For more information about these components or to evaluate Arangopipe, please visit the project github repository [13]. The repository contains examples that illustrate the features of Arangopipe using Google’s Colab [26] notebooks (see Section 3). Working through these notebooks does not require the installation of software on your machine. These examples use Oasis, a managed service version of ArangoDB.

3.Illustrative examples of Arangopipe

A comprehensive discussion of the advantages of using a graph data model to capture machine learning meta-data and a narrative detailing the progress of a data science project using Arangopipe is available in arangopipe-overview [7] and collaboration with arangopipe [8]. In this section, we present examples that illustrate the key features of Arangopipe. These features are illustrated with model building activity using the California Housing dataset [36] from the CMU statlib repository [22]. Each section below discusses a salient aspect of using Arangopipe with your model development efforts.

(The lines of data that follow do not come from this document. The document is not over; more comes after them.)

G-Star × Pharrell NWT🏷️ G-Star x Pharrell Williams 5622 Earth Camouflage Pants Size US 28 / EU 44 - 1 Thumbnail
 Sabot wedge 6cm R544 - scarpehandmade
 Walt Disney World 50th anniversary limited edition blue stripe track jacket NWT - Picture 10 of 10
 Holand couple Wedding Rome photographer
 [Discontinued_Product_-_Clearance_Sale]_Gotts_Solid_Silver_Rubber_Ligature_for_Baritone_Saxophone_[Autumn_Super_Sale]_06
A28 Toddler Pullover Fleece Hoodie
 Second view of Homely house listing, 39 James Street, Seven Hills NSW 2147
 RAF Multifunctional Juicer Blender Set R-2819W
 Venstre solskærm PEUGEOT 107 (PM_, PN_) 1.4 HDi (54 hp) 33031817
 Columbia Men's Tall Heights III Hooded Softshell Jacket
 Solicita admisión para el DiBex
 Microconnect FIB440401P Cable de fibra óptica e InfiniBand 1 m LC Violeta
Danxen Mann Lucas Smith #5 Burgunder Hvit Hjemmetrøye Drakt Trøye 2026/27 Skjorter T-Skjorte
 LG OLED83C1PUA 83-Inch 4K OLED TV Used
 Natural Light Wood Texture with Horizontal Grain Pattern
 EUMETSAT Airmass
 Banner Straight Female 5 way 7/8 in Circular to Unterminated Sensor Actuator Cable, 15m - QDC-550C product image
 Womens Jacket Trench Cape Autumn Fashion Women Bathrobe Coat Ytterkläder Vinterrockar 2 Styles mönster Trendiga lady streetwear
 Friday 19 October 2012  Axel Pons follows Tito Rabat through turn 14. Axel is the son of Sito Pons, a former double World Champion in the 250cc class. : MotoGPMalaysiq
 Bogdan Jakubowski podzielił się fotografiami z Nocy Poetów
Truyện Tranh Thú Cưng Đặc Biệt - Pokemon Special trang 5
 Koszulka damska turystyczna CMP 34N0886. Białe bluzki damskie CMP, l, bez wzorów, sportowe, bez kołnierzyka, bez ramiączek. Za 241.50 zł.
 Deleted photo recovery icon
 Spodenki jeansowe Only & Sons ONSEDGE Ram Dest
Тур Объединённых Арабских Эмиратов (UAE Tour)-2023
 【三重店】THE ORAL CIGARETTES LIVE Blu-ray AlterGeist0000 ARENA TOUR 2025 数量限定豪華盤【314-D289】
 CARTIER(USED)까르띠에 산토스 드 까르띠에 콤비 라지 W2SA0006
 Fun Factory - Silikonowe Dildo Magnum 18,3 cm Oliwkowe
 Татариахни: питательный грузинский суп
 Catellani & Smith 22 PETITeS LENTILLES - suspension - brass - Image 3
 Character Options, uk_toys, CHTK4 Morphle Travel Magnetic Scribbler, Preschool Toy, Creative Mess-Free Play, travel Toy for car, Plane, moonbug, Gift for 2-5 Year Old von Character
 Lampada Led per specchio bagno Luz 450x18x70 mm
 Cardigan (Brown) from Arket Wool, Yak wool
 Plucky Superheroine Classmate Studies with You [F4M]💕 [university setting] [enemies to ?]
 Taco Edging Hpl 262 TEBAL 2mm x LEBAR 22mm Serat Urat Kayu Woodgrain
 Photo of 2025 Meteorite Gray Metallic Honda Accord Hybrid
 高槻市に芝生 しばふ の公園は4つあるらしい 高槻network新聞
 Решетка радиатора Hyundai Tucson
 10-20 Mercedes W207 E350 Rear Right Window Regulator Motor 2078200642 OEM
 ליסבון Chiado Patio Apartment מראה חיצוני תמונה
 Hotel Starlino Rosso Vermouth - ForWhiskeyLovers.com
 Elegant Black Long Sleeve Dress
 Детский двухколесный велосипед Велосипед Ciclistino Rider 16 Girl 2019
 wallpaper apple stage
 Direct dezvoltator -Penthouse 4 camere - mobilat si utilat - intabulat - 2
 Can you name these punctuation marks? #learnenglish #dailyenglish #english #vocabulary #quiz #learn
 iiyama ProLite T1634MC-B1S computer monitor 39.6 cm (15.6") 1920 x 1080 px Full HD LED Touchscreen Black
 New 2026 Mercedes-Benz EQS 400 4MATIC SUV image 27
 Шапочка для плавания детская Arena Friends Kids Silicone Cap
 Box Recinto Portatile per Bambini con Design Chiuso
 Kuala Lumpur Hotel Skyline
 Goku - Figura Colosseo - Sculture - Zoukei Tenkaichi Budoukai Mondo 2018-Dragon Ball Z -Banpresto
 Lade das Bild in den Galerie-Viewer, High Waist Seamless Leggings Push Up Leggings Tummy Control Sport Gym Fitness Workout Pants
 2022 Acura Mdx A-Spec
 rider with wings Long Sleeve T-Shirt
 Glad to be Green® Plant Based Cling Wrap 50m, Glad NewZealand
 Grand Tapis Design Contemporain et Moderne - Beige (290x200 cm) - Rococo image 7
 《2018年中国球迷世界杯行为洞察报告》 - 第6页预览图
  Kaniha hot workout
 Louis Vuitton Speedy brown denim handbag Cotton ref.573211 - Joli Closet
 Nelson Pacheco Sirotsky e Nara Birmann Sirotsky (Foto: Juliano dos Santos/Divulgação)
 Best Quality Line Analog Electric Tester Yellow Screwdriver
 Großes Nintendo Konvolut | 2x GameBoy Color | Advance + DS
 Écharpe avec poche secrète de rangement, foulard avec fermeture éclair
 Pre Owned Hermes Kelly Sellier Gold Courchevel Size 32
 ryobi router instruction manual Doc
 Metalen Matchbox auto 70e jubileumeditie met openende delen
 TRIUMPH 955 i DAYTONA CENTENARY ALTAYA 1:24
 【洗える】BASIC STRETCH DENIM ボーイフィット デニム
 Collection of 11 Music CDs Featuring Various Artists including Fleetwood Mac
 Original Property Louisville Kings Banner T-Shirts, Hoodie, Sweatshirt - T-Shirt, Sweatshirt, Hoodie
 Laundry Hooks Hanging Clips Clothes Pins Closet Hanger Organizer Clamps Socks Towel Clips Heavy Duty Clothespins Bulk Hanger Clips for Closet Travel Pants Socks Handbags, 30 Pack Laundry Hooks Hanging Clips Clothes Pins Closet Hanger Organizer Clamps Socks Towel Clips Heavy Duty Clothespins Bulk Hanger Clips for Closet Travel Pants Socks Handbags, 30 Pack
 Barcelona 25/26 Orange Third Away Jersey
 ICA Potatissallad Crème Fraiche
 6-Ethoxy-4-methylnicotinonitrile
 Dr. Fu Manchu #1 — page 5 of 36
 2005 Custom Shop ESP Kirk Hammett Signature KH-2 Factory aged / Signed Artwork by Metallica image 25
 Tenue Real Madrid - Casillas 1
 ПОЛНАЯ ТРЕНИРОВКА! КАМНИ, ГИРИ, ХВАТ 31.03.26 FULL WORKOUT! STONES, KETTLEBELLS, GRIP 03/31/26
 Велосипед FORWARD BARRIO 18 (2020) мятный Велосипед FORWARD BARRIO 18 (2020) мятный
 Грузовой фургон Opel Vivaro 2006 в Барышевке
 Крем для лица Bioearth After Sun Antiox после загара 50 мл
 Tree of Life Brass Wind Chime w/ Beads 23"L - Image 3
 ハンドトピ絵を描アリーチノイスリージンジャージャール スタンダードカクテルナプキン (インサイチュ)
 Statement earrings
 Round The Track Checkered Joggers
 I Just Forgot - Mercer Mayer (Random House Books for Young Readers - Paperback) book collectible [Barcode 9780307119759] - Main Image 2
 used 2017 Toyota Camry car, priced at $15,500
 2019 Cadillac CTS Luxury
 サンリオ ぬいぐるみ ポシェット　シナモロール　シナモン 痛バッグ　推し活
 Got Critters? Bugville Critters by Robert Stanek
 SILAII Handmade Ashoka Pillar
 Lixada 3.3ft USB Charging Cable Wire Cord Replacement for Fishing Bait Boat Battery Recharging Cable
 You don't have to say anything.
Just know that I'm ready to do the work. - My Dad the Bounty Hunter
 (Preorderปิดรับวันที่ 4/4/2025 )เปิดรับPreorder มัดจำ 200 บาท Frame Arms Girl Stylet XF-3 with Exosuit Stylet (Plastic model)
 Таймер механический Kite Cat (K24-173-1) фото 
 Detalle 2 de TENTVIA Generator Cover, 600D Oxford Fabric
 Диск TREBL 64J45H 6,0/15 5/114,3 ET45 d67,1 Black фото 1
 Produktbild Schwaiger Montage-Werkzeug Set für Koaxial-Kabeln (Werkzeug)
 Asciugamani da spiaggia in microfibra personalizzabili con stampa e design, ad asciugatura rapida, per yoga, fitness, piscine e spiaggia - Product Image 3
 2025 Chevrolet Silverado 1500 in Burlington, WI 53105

The basic template to use Arangopipe to capture machine learning meta-data from project activity is as follows. The first step involves installing Arangopipe and the dependencies needed for the machine learning project activity. An illustrative installation segment in a notebook is shown in Appendix A.1. The second step is to provision Arangopipe for use with the project. This can be done with the administrative interface. An illustrative excerpt of code showing how this is done is shown in Appendix A.2. After provisioning Arangopipe for a project, a project can register assets captured by the data model, for example, a dataset, using Arangopipe. An illustrative excerpt showing registering a dataset is shown in Appendix A.3. Alternatively, a project can retrieve an existing asset, for example, a dataset using a lookup method, as shown in Appendix A.4, and then update its properties. In this scenario, a provisioned Arangopipe installation is used for the model tracking activity. The examples that follow illustrate the use of Arangopipe in a set of representative application scenarios.

3.1.Basic workflow

Please see Arangopipe Basic Workflow [9] for an illustration of the basic workflow with Arangopipe. It can be run as a colab notebook, so no installation is necessary to work through the notebook. The notebook develops a Linear Regression model using the scikit-learn [37] library and logs the results of the model development activity in Arangopipe. The notebook uses Arango DB’s managed service offering, Oasis, as the database. The notebook execution begins with specifying a set of connection parameters to connect to the ArangoDB database instance to be used with Arangopipe. A method call is made through the administrative interface to provision the database for use with Arangopipe. This connection information can be saved and reused in subsequent interactions with the Arangopipe database instance. The project interface with which modeling activity is logged is then created with connection information used in the provisioning step. The notebook illustrates the typical administrative and project activities involved in using Arangopipe in a data science project.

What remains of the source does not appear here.